Word for word, restate the lines of the data below between those holding "Mariglianella, contrabbando di" and "Ps4 Slim 1TB Negra con mando original", inclusive; pictures do not belong in the copy.

### The data
-*-*-

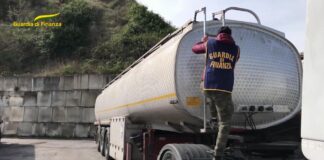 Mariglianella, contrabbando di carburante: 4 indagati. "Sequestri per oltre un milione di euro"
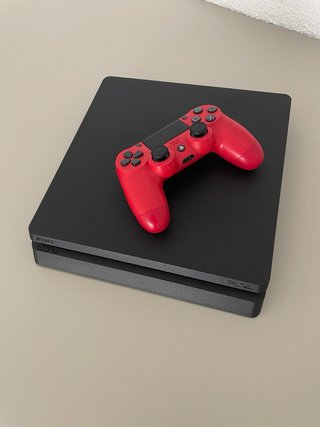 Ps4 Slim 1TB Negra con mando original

-*-*-

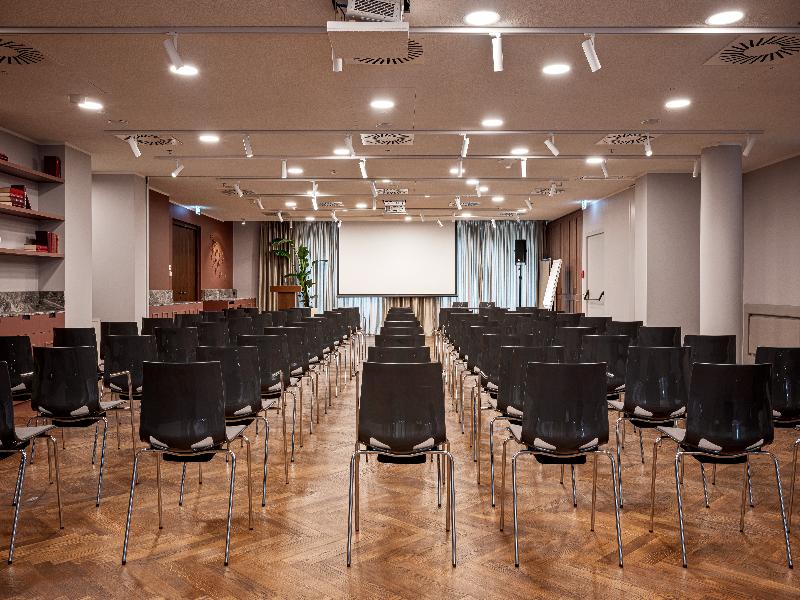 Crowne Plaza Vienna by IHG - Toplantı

-*-*-

### Expected answer
 Mariglianella, contrabbando di carburante: 4 indagati. "Sequestri per oltre un milione di euro"
 Ps4 Slim 1TB Negra con mando original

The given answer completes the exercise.